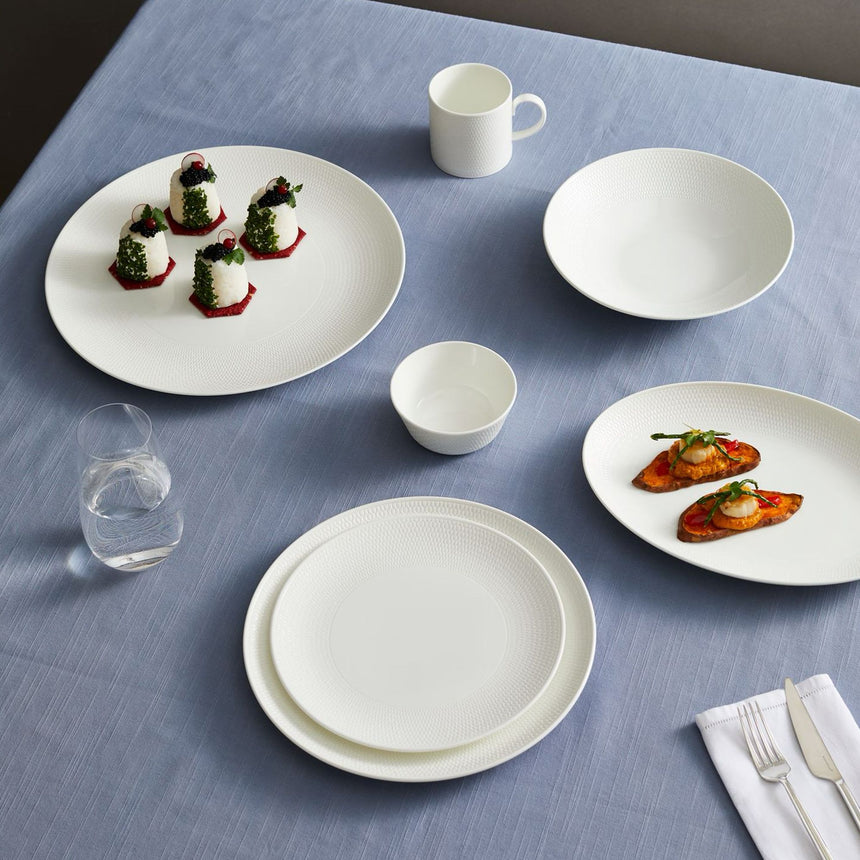 Wedgwood Gio Dinner Set 16pc White - Image 02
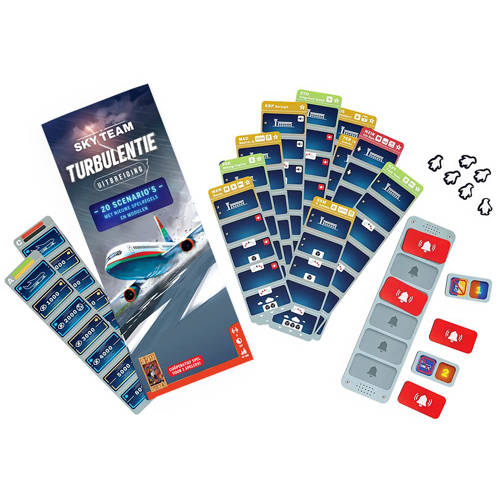 999 Games Sky Team Turbulentie Uitbreiding afbeelding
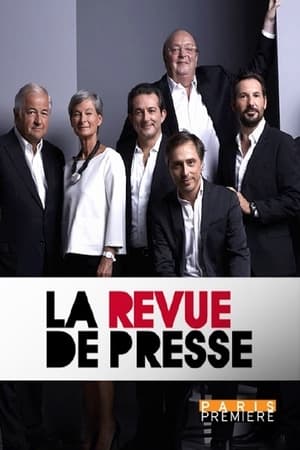 La revue de presse poszter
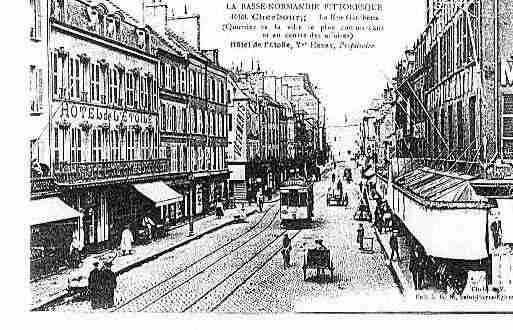 Ville de CHERBOURG Carte postale ancienne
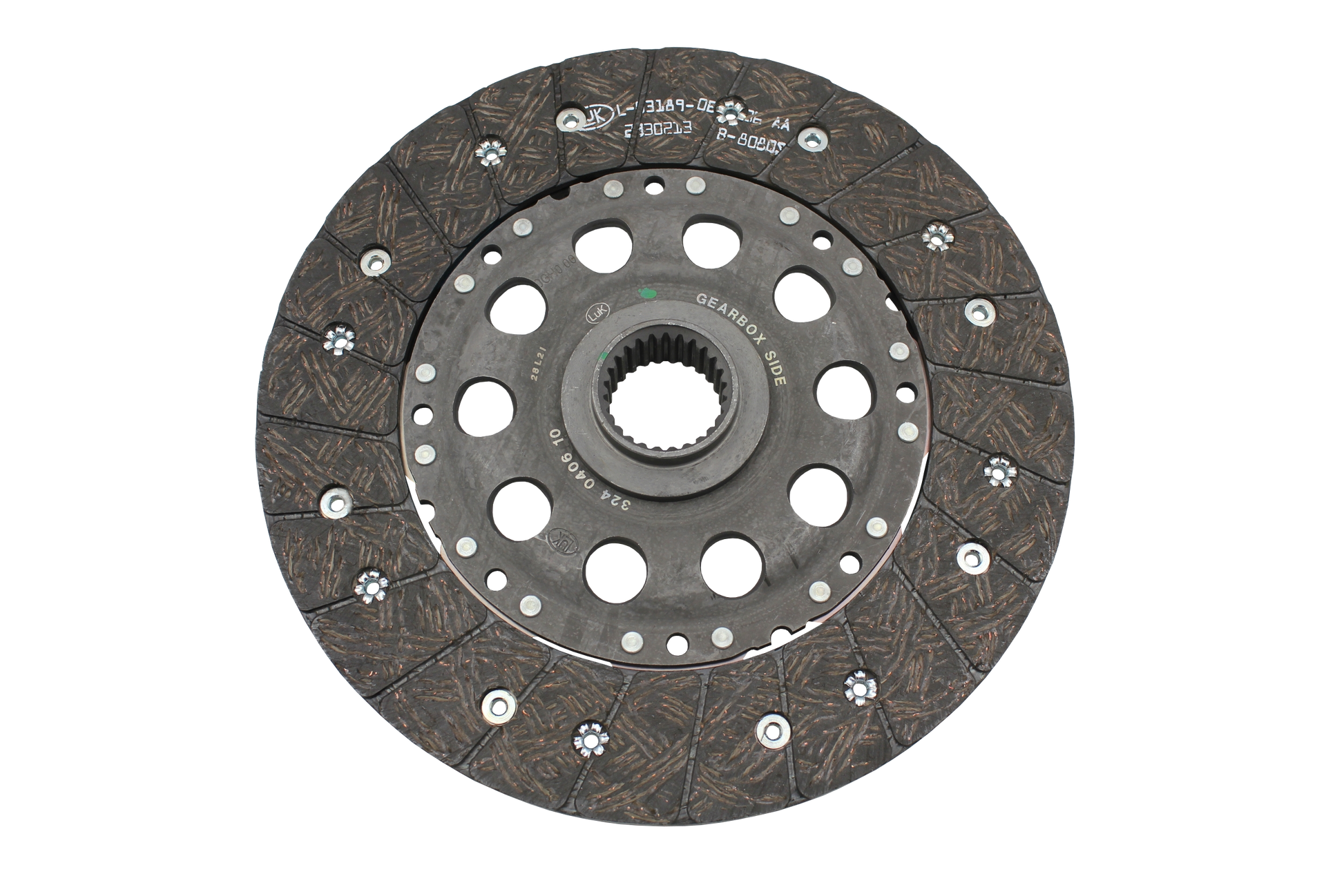 Disco de Embrague LUK 240 mm BMW N57 N54 GS6-53DZ i GS6-53BZ FTWL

======

Wherever an image appears, omit it; copy the rest of the records exactly.

 Wedgwood Gio Dinner Set 16pc White - Image 02
 999 Games Sky Team Turbulentie Uitbreiding afbeelding
 La revue de presse poszter
 Ville de CHERBOURG Carte postale ancienne
 Disco de Embrague LUK 240 mm BMW N57 N54 GS6-53DZ i GS6-53BZ FTWL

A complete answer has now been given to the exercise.